Fading Coder

One Final Commit for the Last Sprint

Home > Tech > Content

G1 Garbage Collector Internals and Practical GC Tuning Methodologies

Tech May 13 3

G1 Architecture Overview

The Garbage-First (G1) collector became the default in JDK 9, superseding CMS. It partitions the heap into a grid of equally-sized regions and targets pause times rather than maximizing throughput alone.

Operational Profile

  • Balances throughput with predictable pause times, defaulting to a 200 ms target
  • Handles very large heaps by treating memory as a collection of regions
  • Employs a global marking-compact strategy while using copying semantics between individual regions

Key Configuration Flags

-XX:+UseG1GC                  # Enable G1 (required on JDK 7/8)
-XX:G1HeapRegionSize=<size>   # Region granularity
-XX:MaxGCPauseMillis=<ms>     # Pause time objective

The G1 Collection Cycle

G1 operates through three repeating macro-phases.
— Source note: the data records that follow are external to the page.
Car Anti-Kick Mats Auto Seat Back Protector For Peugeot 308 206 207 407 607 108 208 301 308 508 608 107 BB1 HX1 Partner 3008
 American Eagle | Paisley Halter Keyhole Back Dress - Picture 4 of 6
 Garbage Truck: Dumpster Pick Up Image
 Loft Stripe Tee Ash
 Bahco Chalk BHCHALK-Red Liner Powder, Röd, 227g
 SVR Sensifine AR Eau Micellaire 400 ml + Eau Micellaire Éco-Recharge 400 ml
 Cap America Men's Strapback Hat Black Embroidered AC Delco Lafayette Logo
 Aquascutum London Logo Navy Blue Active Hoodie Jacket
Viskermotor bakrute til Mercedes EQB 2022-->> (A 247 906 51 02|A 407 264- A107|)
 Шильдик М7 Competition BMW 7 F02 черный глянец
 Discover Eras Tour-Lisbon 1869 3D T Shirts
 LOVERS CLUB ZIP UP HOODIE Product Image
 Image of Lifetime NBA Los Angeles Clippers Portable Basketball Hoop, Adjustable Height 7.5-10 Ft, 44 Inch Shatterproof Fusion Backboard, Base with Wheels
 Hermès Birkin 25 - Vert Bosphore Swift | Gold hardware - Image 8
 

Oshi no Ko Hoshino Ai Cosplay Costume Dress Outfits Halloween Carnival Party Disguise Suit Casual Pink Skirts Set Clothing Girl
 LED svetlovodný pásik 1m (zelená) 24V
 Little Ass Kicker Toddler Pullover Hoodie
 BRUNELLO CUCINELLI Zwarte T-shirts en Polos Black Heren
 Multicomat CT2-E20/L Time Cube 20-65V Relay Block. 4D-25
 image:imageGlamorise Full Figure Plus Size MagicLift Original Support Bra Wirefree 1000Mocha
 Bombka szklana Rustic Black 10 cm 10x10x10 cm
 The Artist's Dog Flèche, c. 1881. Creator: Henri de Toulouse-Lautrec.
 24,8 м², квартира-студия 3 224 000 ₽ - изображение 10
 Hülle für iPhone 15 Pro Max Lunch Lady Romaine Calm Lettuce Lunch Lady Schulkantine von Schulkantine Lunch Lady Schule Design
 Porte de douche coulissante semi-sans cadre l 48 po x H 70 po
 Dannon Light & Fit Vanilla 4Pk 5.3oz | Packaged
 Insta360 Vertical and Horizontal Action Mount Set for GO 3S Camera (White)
Young-Only Collections When Eden regions fill, G1 triggers a stop-the-world young collection. Live objects from Eden and the current survivor space are copied to fresh survivor regions. Objects that exceed the tenure threshold relocate to old generation regions, while younger survivors swap between survivor spaces.

Young Collecsion with Concurrent Marking As the old generation occupancy crosses a threshold, G1 initiates a concurrent marking cycle. The young collection that crosses this boundary performs the initial root marking (STW), after which marking continues concurrently with the application. The threshold is governed by:

-XX:InitiatingHeapOccupancyPercent=<percent>  # Default 45

Mixed Collections Once marking completes, G1 schedules mixed evacuation cycles that reclaim Eden, survivor, and selected old regions. Rather than collecting the entire old generation, G1 ranks regions by reclaimable garbage density and evacuates the highest-yield candidates first to respect the pause goal.

A mixed cycle includes:

  • Remark (STW): Finalizes the marking set and resolves objects that changed during concurrent marking
  • Evacuation (STW): Copies live data to new regions and reclaims source regions

GC Semantics Across Collectors

The distinction between Minor GC and Full GC varies by collector:

  • Serial / Parallel: Young-space exhaustion triggers Minor GC; old-space exhaustion triggers Full GC.
  • CMS / G1: Young-space exhaustion triggers Minor GC. Old-space exhaustion behaves differently:
    • G1: If reclamation outpaces allocation, concurrent old-gen collection occurs. If allocation outpaces reclamation, G1 falls back to a serial Full GC with a lengthy pause.
    • CMS: Similar concurrent-vs-fallback behavior applies.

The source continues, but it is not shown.